Here, on the thugs’ attack on Thomas Nagel for doubting Darwin:
The intelligentsia was so furious that it formed a lynch mob. In May 2013, the Chronicle of Higher Education ran a piece called “Where Thomas Nagel Went Wrong.” One paragraph was notable:
Whatever the validity of [Nagel’s] stance, its timing was certainly bad. The war between New Atheists and believers has become savage, with Richard Dawkins writing sentences like, “I have described atonement, the central doctrine of Christianity, as vicious, sadomasochistic, and repellent. We should also dismiss it as barking mad….” In that climate, saying anything nice at all about religion is a tactical error.
It’s the cowardice of the Chronicle’s statement that is alarming—as if the only conceivable response to a mass attack by killer hyenas were to run away. Nagel was assailed; almost everyone else ran.
Gelernter’s hit the big time now, in attracting irrational screeds:
David Gelernter, fiercely anti-intellectual computer scientist, is being eyed for Trump’s science adviser. – Washington Post, Jan. 18
From Jonah Goldberg, in response, at Townhall:
For those unfamiliar with David Gelernter, he essentially created parallel computing, which sounds like witchcraft to me, but I’m told it’s a really big deal.
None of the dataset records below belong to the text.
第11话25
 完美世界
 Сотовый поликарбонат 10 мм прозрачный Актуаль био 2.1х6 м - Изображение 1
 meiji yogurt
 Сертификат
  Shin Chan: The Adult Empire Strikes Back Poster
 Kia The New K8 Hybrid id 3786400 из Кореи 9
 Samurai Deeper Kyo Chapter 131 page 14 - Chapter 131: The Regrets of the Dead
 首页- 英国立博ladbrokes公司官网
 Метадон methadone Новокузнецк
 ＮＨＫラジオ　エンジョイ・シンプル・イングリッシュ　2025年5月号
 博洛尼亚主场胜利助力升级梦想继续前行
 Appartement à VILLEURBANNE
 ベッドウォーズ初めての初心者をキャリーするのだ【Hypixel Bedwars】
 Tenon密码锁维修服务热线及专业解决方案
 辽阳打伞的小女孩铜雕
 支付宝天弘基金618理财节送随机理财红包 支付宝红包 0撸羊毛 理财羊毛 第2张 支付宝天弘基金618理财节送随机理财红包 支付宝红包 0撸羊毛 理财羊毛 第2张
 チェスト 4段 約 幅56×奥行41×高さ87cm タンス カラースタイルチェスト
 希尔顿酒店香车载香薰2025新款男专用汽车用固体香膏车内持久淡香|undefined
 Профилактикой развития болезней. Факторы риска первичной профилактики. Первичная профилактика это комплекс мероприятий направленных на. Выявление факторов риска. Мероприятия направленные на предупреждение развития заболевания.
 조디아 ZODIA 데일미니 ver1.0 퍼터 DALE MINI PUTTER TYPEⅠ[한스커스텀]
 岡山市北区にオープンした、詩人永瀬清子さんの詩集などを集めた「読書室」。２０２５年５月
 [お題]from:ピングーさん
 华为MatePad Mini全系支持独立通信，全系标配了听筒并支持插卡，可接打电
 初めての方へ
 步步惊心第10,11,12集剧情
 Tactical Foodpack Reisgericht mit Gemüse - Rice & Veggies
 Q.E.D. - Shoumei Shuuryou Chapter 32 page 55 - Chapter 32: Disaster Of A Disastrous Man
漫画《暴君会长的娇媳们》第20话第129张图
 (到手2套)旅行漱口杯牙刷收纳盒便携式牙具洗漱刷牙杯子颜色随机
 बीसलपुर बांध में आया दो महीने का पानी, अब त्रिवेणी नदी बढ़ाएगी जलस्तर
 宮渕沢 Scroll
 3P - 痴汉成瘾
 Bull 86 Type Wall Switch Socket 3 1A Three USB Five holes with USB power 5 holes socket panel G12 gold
He was also one of the first people to see the internet coming, in his 1991 book “Mirror Worlds.” Bill Joy, the co-founder of Sun Microsystems, described Gelernter as “one of the most brilliant and visionary computer scientists of our time.” Ted Kaczynski — aka “the Unabomber” — agreed, which is why he maimed Gelernter with a letter bomb in a 1993 assassination attempt.
Gelernter, who teaches computer science at Yale and has degrees in classical Hebrew, has written books and articles on history, culture, religion, artificial intelligence and philosophy.
What [science reporter Sarah] Kaplan really seems to be getting at is that Gelernter is one of the few major intellectuals out there today who is critical of the intellectual establishment, which acts as a class or guild.
There are scientists whom science reporters know and go to for quotes. The Union of Concerned Scientists, historically a very politicized outfit, is a rich source of such pithy scientists. More broadly, the world of scientists involved in public policy is a very small subset of the world of science, and — as with almost every other profession and industry — a certain guild mentality develops among its members. As a result, they become inclined to say, in effect, “Back off, this is our turf.” More.
We know. The trade Kaplan practices is called “pop science writing.” And it is very much part of the reason most people don’t credit science claims in traditional mainstream media anymore.